Total High Estimate: $12 Billion + $12 Billion + $25 Billion + $2.535 Billion + $4.2 Billion = $55.735 Billion

Low Estimate

U.S. EPA Fine – $1.2 Billion

Customer Law Suits – $1.5 Billion

State, County Municipality Fines: Unknown (We’ll say it matches the EPA fine $1.2 Billion)

Legal Fees – Unknown (We’ll use 3% of the total settlement $3.9 Billion * .03 = $0.117 Billion)

Law Suits from Suppliers – Unknown (Unable to find an estimate)

Law Suits from Dealers – Unknown (Unable to find an estimate)

Recall Costs – $1.2 Billion

Cost to return the air quality to what it had been if they hadn’t cheated – Unknown

Total High Estimate: $1.2 Billion + $1.2 Billion + $1.5 Billion + $0.117 Billion + $1.2 Billion = $5.217 Billion

The three estimates above range again are: $5.217 Billion, $55.735 Billion and $95.7 Billion. Recall that VW only has a total positive value of $88.65 Billion. This means that the U.S. alone could potentially (in a worst case scenario) bankrupt the company single handedly. This doesn’t even add in other responsibilities internationally just for fun (and to put the entire crisis into perspective) I have calculated their international liabilities under three different scenarios: The world on average fines them 100% of what the U.S. does on a per car basis, 50% and 10% are the additional two values. I think the U.S. has some of the more strict regulations worldwide but some other countries may have more strict regulations than the U.S.

The cost per car to Volkswagen based on my estimates at the three price points is:

High Estimate: $191,400

Midrange Estimate: $111,470

Low Estimate: $10,434

Please remember the EPA alone can fine VW up to $37,500 per vehicle so the low estimate really is extremely low. Here is a table showing various combinations of international cost at the different estimates and international penalty points:

International Costs
Low Estimate Midrange Estimate High Estimate
100% $109,557,000,000.00 $1,170,435,000,000.00 $2,009,700,000,000.00
50% 54,778,500,000 585,217,500,000 1,004,850,000,000
10% 10,955,700,000 117,043,500,000 200,970,000,000
International Costs + U.S. Costs
Low Estimate Midrange Estimate High Estimate
100% $114,774,000,000.00 $1,226,170,000,000.00 $2,105,400,000,000.00
50% $59,995,500,000.00 $640,952,500,000.00 $1,100,550,000,000.00
10% $16,172,700,000.00 $172,778,500,000.00 $296,670,000,000.00

 

The potential liabilities range from $16 Billion (best case scenario) to $2.1 Trillion (worst case scenario). In fact only the low estimates (on the table) where the international community only puts 50% or 10% the severity of the penalty that the U.S. does will result in VW still maintaining a positive value. If they survive this disaster as a company there is still the hit to their reputation, their suppliers and the broader effects on the European manufacturing reputation that could cause further monetary issues on economies worldwide. Remember these estimates do not include any penalties associated with repairing the harm done to the environment, VW’s dealers and VW’s suppliers.
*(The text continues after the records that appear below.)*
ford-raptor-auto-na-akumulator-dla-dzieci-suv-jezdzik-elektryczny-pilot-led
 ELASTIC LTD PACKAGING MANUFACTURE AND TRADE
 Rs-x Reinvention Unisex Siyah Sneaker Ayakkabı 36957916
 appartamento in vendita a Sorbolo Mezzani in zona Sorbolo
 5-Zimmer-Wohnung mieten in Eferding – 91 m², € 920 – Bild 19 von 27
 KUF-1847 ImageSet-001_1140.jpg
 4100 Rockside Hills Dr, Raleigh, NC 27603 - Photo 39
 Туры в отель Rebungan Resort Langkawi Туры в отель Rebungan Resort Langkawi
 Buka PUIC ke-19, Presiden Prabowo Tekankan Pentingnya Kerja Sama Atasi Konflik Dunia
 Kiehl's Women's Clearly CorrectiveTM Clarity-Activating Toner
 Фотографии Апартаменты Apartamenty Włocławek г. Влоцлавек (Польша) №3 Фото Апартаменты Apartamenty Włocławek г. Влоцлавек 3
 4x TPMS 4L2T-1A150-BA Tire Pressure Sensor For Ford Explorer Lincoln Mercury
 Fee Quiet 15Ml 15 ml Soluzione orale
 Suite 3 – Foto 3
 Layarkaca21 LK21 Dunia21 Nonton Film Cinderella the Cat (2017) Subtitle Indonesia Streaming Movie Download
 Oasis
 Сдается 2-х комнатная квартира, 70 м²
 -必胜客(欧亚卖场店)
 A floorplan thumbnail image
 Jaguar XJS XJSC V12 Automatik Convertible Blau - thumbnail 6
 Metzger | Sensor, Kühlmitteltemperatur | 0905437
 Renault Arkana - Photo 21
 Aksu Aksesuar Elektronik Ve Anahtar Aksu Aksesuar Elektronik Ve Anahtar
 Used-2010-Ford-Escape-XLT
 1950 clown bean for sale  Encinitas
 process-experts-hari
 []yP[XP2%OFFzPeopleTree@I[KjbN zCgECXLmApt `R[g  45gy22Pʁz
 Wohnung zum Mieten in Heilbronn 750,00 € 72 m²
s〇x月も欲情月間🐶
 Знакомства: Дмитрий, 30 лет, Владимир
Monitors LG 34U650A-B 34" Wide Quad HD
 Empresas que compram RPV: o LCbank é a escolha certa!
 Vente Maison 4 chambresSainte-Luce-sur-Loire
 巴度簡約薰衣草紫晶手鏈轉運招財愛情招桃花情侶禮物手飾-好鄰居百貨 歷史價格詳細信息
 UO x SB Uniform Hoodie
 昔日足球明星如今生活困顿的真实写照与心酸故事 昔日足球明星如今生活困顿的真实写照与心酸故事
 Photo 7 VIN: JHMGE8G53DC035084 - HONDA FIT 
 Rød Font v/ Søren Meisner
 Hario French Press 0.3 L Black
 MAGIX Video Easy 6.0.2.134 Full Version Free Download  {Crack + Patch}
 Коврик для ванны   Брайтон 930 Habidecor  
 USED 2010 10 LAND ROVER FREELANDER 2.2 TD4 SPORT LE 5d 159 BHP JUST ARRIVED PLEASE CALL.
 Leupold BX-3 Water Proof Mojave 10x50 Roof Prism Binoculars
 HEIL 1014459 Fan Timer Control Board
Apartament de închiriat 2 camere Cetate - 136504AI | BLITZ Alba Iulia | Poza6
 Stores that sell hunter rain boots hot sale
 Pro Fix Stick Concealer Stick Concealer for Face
My thoughts As a Chattanoogan on the VW Emissions Scandal

As promised I would include a portion on my thoughts. Chattanooga is at an epicenter of this controversy we have about 10,000 jobs resulting from the Volkswagen manufacturing plant located in our city. Optimistically, I hope that in 2 to 5 years all these people still have healthy jobs and careers. Looking at the scandal I believe that based on the current information Volkswagen will likely end up being responsible for $60 to $200 billion in total damages. They can certainly withstand $88 billion without outside assets. Additionally they can probably sell stock to raise funds and cut costs to increase profit margins. Perhaps they will even receive a bailout from the German government, the Tennessee Government and China since these economies have many jobs that the company provides. I would put them at a 50% chance of bankruptcy depending on on going investigation and litigation.

Honestly, I’m not sure that I want Volkswagen to survive after purposefully harming so many people just for the sake of profits and growth. Perhaps the best outcome would be a buyout from another major auto player and drastic changes within the management of the company. What would excite me the most on a local scale is if Tesla Motors purchased the Volkswagen plant and Chattanooga became the new hub for electric vehicles in the United States.